After embarking for overseas from Sydney, NSW on 18 October 1914 aboard HMAT Suffolk with B Company of the Battalion, he underwent further training in Egypt.
The 2nd Battalion took part in the ANZAC landing at Gallipoli on 25 April 1915 as part of the second and third waves. On 6 August, the 1st Brigade, including the 2nd Battalion, led the charge at Lone Pine. Cpl Davison was killed in action sometime between 7 and 14 August 1915 at Lone Pine and is believed to be buried at Lone Pine Cemetery, Gallipoli.
Extract from the Roll of Honour Circular:
"Extract - For His Country's Sake. Sergeant Cuthbert Davison, a Mount Gambier native, a worthy son of worthy parents, is now numbered amongst the heroes who have fallen in battle on blood-stained Gallipoli. He was a scholar, athlete, gentleman, and soldier - and is the first native of Mount Gambier to forfeit his life in Britain's cause. He had spent his childhood days in this town, had the blessing of an ideal home training, and the advantage of a sound education.
The late Sgt Davison, as he merged from his teens into the first years of manhood, gave promise of a bright and useful career, and bid fair to prove an honour to his honoured parents. This makes it all the more sad to realise that such a promising career has been brought to a sad and early close, not withstanding the one consolation left to mourning relatives - that Cuthbert Davison had died a hero's death.

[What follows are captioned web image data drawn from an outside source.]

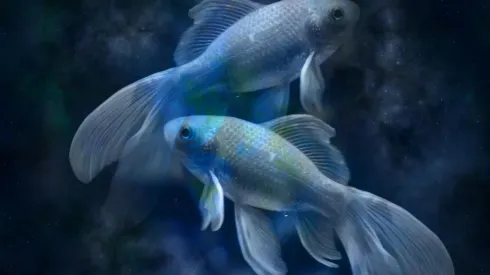 Previsões para hoje, sábado, 11 de setembro de 2021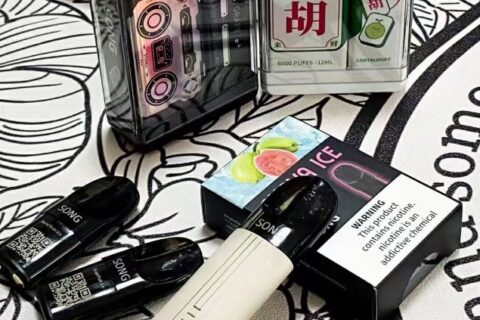 小崧一次性电子烟在哪买？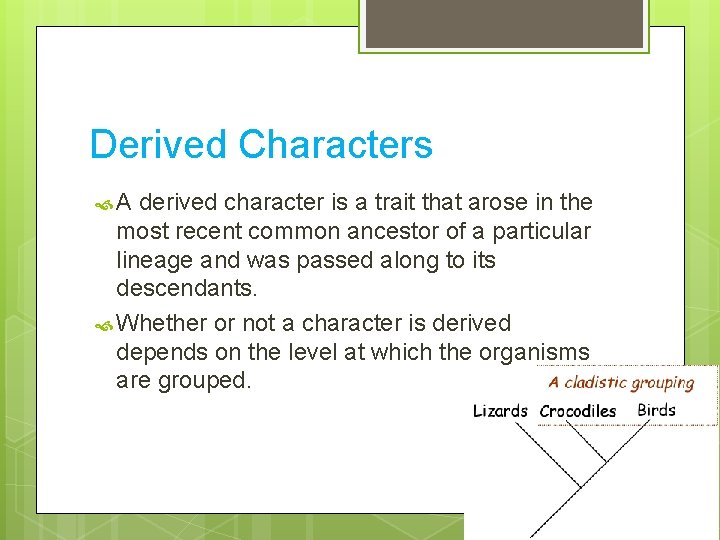 Derived Characters A derived character is a trait that arose in the most recent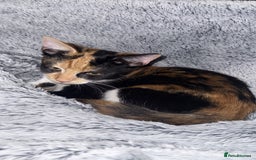 British Shorthair cats for sale: Playful Kitten  - Image 7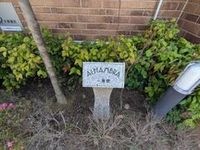 外観写真(昼)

The departed soldier was a son of Mr F Davison, S.M. and Mrs Davison, of Bay Road, Mount Gambier, and was only in his 22nd year. He was in Sydney when the war broke out, and enlisted there in August, 1914, shorly after the outbreak of war. Unfortunately, he was on the sick list for a long time, and was unable to proceed to the front until July last. The gallant young sergeant was barely a month on the battlefield when he was killed, the Ven. Archdeacon Samwell receiving a telegram on Tuesday afternoon last, stating that Sgt. C.G. Davison, of the 3rd Battalion, NSW, had been killed in action on Gallipoli between 7th - 14th August. The painful duty thus devolved on the Archdeacon of breaking the sad news to the bereaved parents and relatives, for whom the sincerest sympathy is felt by their many friends in the town and district.
The late Sgt. Davison was educated at St Peters College, Adelaide, where he made a name for himself as an athlete and scholar, and distinguished himself both in rowing and pedestrian contests. On his return to Mount Gambier he won the esteem and admiration of all who knew him, being a clean, skilful footballer, and a true sport in the best sense of the term. If it is grevious to think that such a fine and promising career should be extinguished by a single stroke, at least we may find some solace in the fact that youhng Cuthbert Davison died for his country's sake - a soldier and a man"
A statement from Private Charles Lind, a witness to Davidson’s death, said Davidson was “shot through the head during a bayonet charge at the edge of the Turkish trenches just before the taking of Lone Pine”.
Following Davidson’s death, the Mount Gambier "The Border Watch" published an article about his short life.
It recorded that: “he was a scholar, athlete, gentleman and soldier – and was the first native of Mount Gambier to forfeit his life in Britain’s cause”.
From the Book Fallen Saints
Cuthbert Glen Davison was born at Mount Gambier, South Australia and attended the School, as did his father years earlier.
Cuthbert was awarded a Vansittart scholarship to the School and while there proved to be an outstanding athlete, footballer and oarsman. He rowed in the first crew at Henley-on-Yarra and at the intercollegiate sports day in 1911 won the mile footrace in the time of just five minutes and one second. [i]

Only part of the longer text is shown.